Impacts of predictive analytics systems on industries like manufacturing and medical devices
• It’s well-known at this point that data analytics technologies can bring significant business benefits in areas such as predictive maintenance. However, the system architecture for such applications remains an open question. Customers are hesitant to share their data with vendors, logging all of the data from a machine is often impossible given the volume of data created, and responses to events may be needed in milliseconds – much too short of a time to wait for a response from an Internet server. All of these will drive innovation at “the edge”, or on the equipment itself.
• Medical Devices: Predictive analytics systems will allow for more informed and personal relationships between patients and physicians and more effective diagnoses at point-of-care.

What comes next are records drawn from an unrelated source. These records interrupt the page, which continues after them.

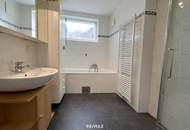 ***Ruheoase am Waldrand: Traumhafte TOP-Wohnung zu verkaufen***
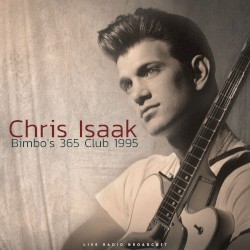 Bimbo's 365 1995 (live)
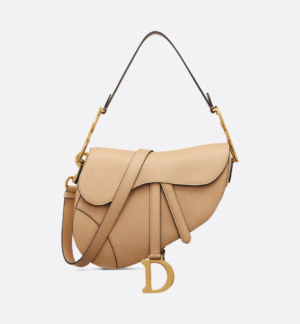 b480c0d2ee2bc95b5078fab5087f829f.png Saddle Bag with Strap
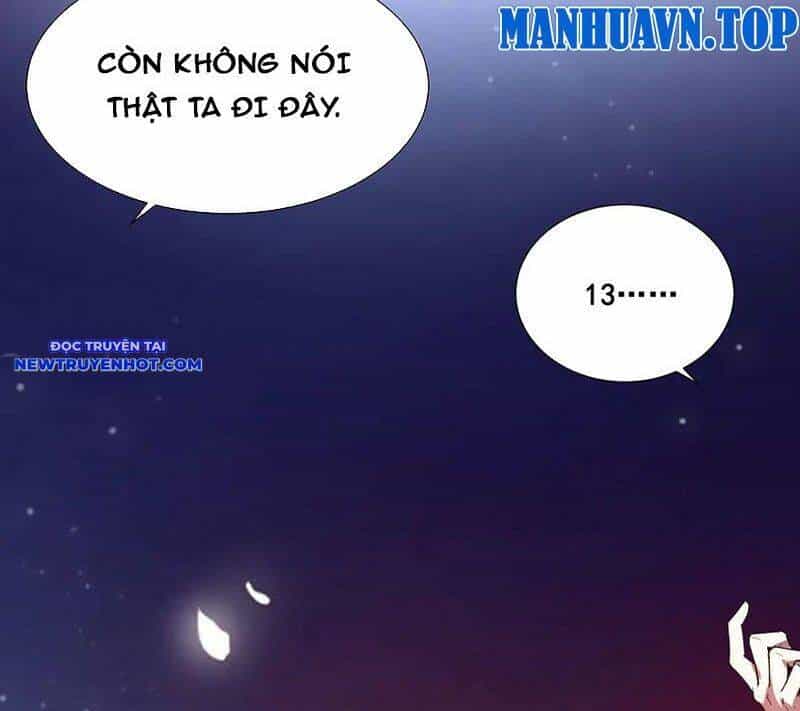 Vô Hạn Thôi Diễn - Chương 30 - ảnh 57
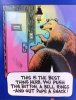 bearsww.jpg bearsww.jpg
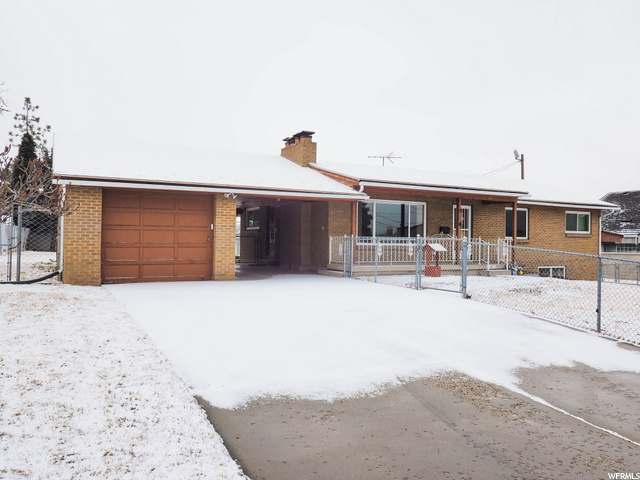 90 E 6790 S, Midvale, UT 84047 — photo 3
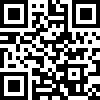 https://mehrnews.com/x39Gmf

It is quite possible that predictive analytics will also drive the progress of both preventative and therapeutic care with the data collected from wearables and shared on personal devices.
• As it becomes easier and easier to apply machine learning techniques, more products and services will incorporate machine learning models. Embedded systems, typically used for controls and diagnostics, will incorporate machine learning models that can detect previously unobservable phenomena. In 2018, we’ll continue to see machine learning models being incorporated in new places, especially in edge nodes and embedded processors.
• While deep learning continues to look promising, there is still a lot of design and tuning necessary to train a useful deep network. Techniques such as automated hyperparameter tuning appear well-positioned to reduce this work, which should ramp-up the pace of adoption of deep learning.
Domain Experts Take on Data Science
• As engineering and IT teams become more integrated, there will be an increased demand for domain experts that understand the core products and services of the business. Empowering domain experts to apply data science methodologies will enable the rapid integration of big data and machine learning technologies into the services and operations of the broader organization, establishing a significant competitive advantage when offering the products and services that customers are demanding.
More importantly, the ability to create analytics that processes massive amounts of business and engineering data enables designers in many industries to develop intelligent products and services. MathWorks foresees engineers will be challenged to build confidence in using new methods and tools to overcome an ever-increasing amount of data and the growing complexity of software. While teams working on disruptive technologies can successfully mine data to build intelligent systems, a select few are beginning to see the advantages of adopting workflows derived from a common software environment that incorporates data science tools and techniques with physics-based simulation models.